[Start of Attachment]
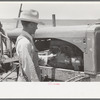 Day laborer cranking tractor on farm near Ralls, Texas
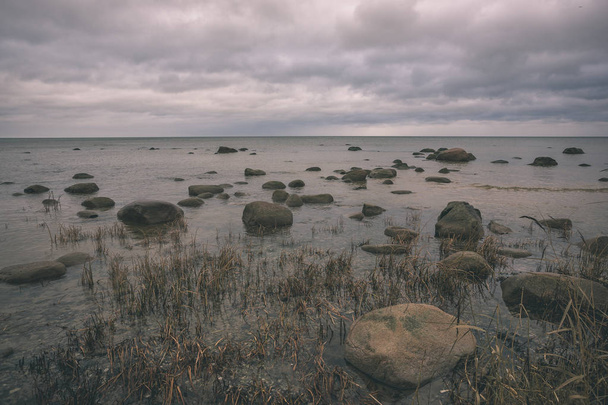 kayalık sahil şeridine Letonya akış su deniz ve geç sonbaharda büyük kayalar. mat renkler - retro vintage bak - Fotoğraf, Görsel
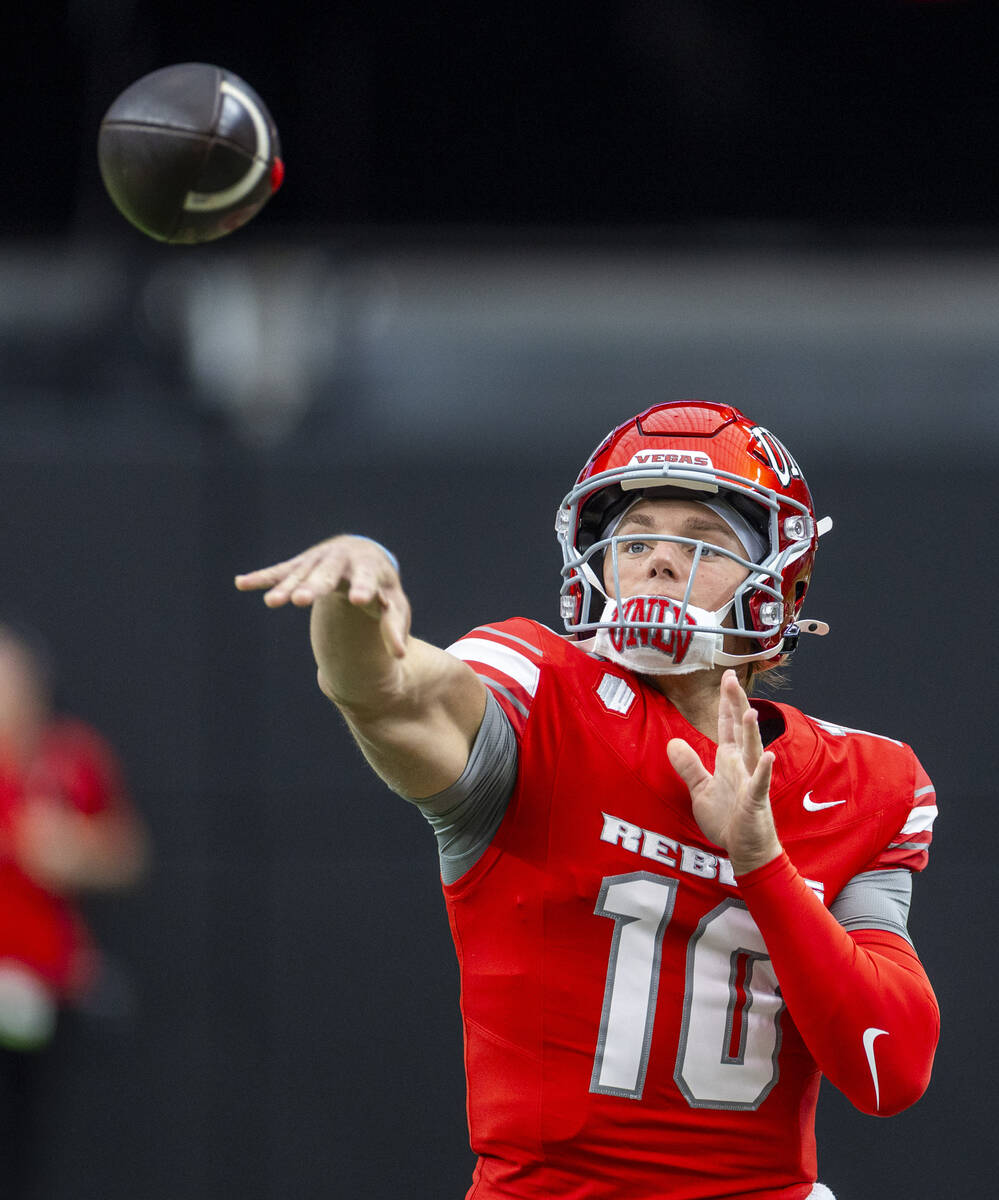 UNLV quarterback Anthony Colandrea (10) gets off a pass against the New Mexico Lobos during the ...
[End of Attachment]
Work instruction: Copy every line of the listing above exactly. Leave each picture out.

Response below:
 Day laborer cranking tractor on farm near Ralls, Texas
 kayalık sahil şeridine Letonya akış su deniz ve geç sonbaharda büyük kayalar. mat renkler - retro vintage bak - Fotoğraf, Görsel
 UNLV quarterback Anthony Colandrea (10) gets off a pass against the New Mexico Lobos during the ...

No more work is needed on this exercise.